## TASK STATEMENT:
Retype each record exactly.

## DATA UNDER STUDY:
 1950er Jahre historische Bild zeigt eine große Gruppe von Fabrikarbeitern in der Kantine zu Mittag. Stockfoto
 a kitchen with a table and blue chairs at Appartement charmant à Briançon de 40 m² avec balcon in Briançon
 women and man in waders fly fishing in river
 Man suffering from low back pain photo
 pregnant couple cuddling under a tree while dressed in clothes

## WRITTEN SOLUTION:
 1950er Jahre historische Bild zeigt eine große Gruppe von Fabrikarbeitern in der Kantine zu Mittag. Stockfoto
 a kitchen with a table and blue chairs at Appartement charmant à Briançon de 40 m² avec balcon in Briançon
 women and man in waders fly fishing in river
 Man suffering from low back pain photo
 pregnant couple cuddling under a tree while dressed in clothes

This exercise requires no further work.